According to The Vancouver Poverty Olympics, a group of citizens who oppose the 2010 winter games, Vancouver’s lavish spending in order to host the Olympic Games could have been more justly spent. Hosting the Olympics resulted in a loss of some major cash that could have, in theory, alleviated local social disasters, such as the devastating issue of homelessness. The Poverty Olympics seeks to shed some light on the ugly side of a city named one of the world’s most livable places by the United Nations.
When it comes to poverty, there’s no competing with Vancouver. According to Jean Swanson, one of the main organizers of the event, there are 700 homeless people around the downtown Eastside neighborhood and another 2,600 in the metro Vancouver area. “British Columbia has had the highest child poverty rate for six years in a row [ . . . ] We have the lowest minimum wage and the highest cost of living in Canada,” said Swanson.
Two years ago, Jean Swanson, along with a coalition of anti-poverty groups in B.C., thought that it was about time low-income people had the chance to attend the Olympics. Considering the tickets for the opening ceremonies can go up to $1,100, they decided to create their own games, open to the public and free of charge.
Although the organization is relatively new, it has had huge success. This year, their province-wide toilet plunger relay hit 20 cities before reaching downtown Vancouver for the opening ceremonies. The event even attracted foreign media, “We’ve had coverage from Japan, Finland and two or three interviews in Germany, we also just did an interview with the L.A. Times today,” said Swanson.
“We’re hoping that they will embarrass Canada in the eyes of the world, so politicians can get their butts together and do something to reduce poverty and homelessness,” she said.
This year’s Poverty Olympics mascots included Chewy the Rat, Itchy the Bedbug and Creepy the Cockroach — all frequent visitors of the hotel rooms being rented out by low-income people in the downtown Eastside. Their “games” — better defined as skits — were oozing with sardonic messages. “Housing Hurdles,” put on by the Downtown Eastside Women’s Center, and “Wrestling for the Candy,” a duel between kids and an “evil developer” are two examples.

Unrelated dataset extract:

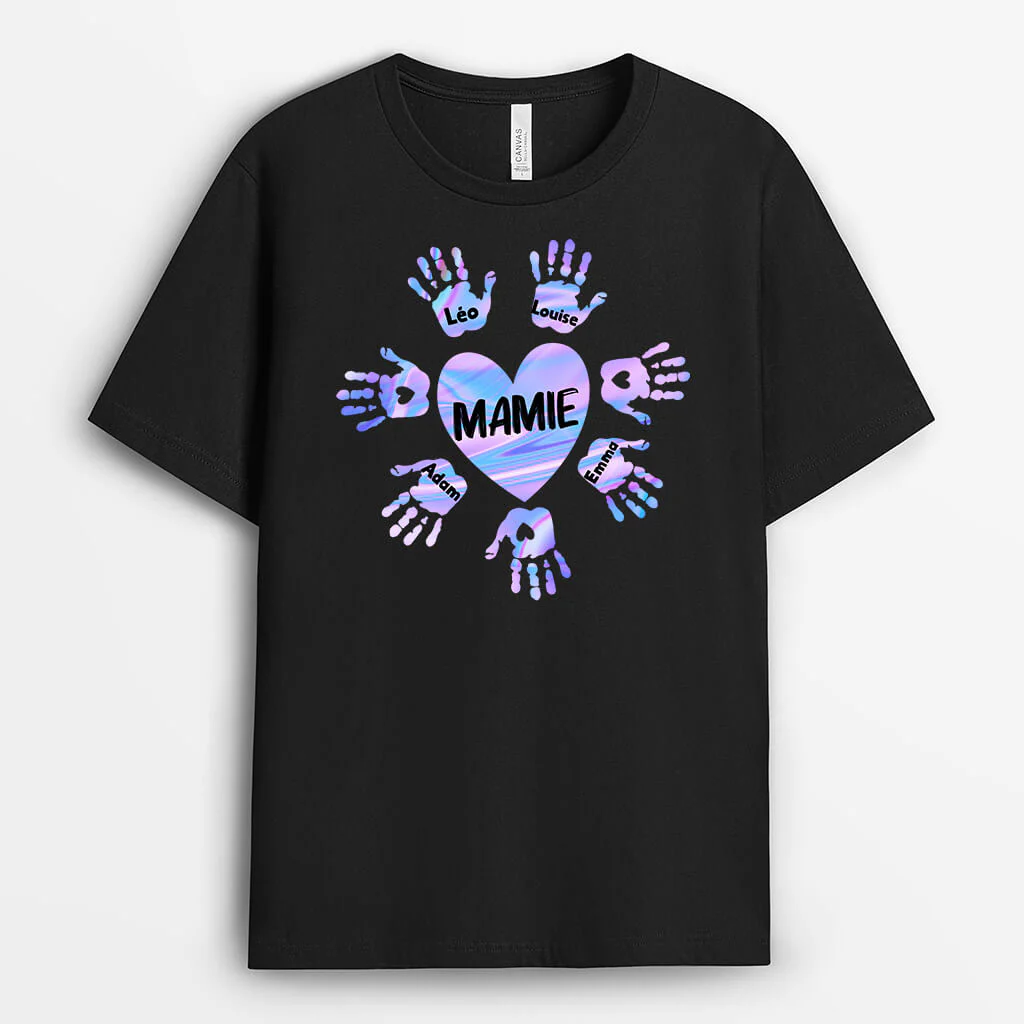 T Shirt Mamie Personnalisé - Le Cœur De Mamie | Design Mains Entourage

Swanson says that the Olympics are all about real estate. Developers have been building condos and advertising more heavily than ever before. “They’re building in our neighborhood, which is displacing low income residents,” said Swanson.
The games also included a “Broken Promise Slalom.” “The skiers were Stephen Harper and Gordon Campbell [ . . . ] and they missed every gate, which was labeled with an Olympic promise,” explained Swanson.
In order to win over the 2010 Winter Olympics, the games were dressed up as a socially responsible event that would improve the city’s facilities, public transit and, most importantly, expand available social housing. Vancouver’s Olympic partners made a few Layton-worthy promises, including the pledge to create an affordable housing legacy and to ensure that poor residents were not displaced or evicted due to the Games.
I asked Swanson what the government of B.C. did to try to fulfill their promises. Apparently, my question was funny. After having a good laugh, she mentioned that the government built some shelters, for which the funding runs out on April 1. Other than that, another initiative the government bragged about was the buying out of hotels for the homeless in the downtown Eastside. However, according to Swanson, the hotels were already full when they bought them, so they couldn’t even provide any additional housing.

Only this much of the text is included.